The pitfalls of parsing! Moving forward not a good solution to parse but rather if you have the power to do so, change the way you populate your data in the first place.

create table #temp
(
columnTextNumbers  nvarchar(50)
)
insert into #temp (columnTextNumbers) 
values
('3.5A'),
('5.50kg'),
('35.70kg'),
('9m'),
(N'5.7курица'),
(N'9.9собака'),
(N'8.22ኪግ')

DECLARE @Pattern nvarchar(50) = N'%[0-9.][^.0-9]%'   

SELECT  Value = SUBSTRING(columnTextNumbers,1,ca.Posit)
        ,UoM   = SUBSTRING(columnTextNumbers,Posit+1,50)
   FROM #temp
  CROSS APPLY (SELECT PATINDEX(@Pattern,
columnTextNumbers COLLATE Latin1_General_BIN2)) ca (Posit);

  drop table #temp

JeffModen · June 19, 2020, 1:50am

Having such problems with unicode aren't likely to happen here because the pattern I used is based entirely on numeric digits. The only time you might see a problem is if you're using a language that uses something like roman numerals to represent digits and that would be a problem even if you didn't have to deal with unicode. I will admit that the binary collation can make things faster with LIKE and PATINDEX but, again, not likely here because the pattern I used consists entirely of numeric digits.

yosiasz · June 19, 2020, 2:08am

Yes the patter you use is entirely on the numeric digits. But PATINDEX can't differentitate alpha from numeric when it is dealing with unicode strings .

JeffModen · June 23, 2020, 12:21am

What language did you use for that example?

yosiasz · June 23, 2020, 12:37am

Amharic https://en.wikipedia.org/wiki/Ethiopic_(Unicode_block)

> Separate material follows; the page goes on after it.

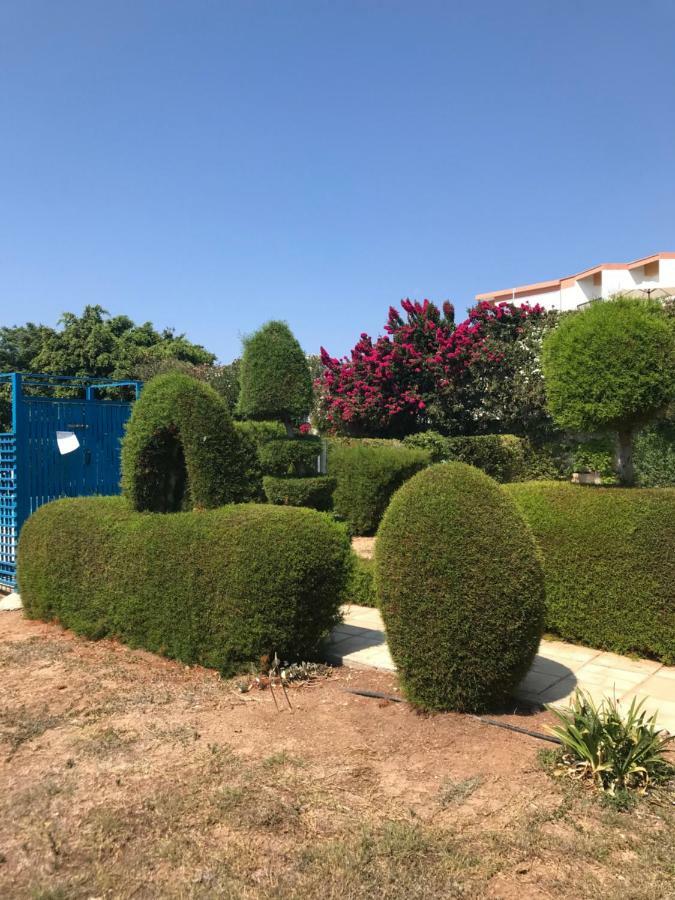 2 Bedroom Apartment-Mediterranean Type パ フォス エクステリア 写真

JeffModen · June 23, 2020, 5:32pm

Is that what it's called in SQL Server?

yosiasz · June 23, 2020, 5:42pm

not sure what you mean @JeffModen

JeffModen · June 23, 2020, 9:57pm

What was the language or collation set to in the example you gave when you showed that the numbers went to the right hand column because PATINDEX failed to distinguish between number digits and non-numeric characters?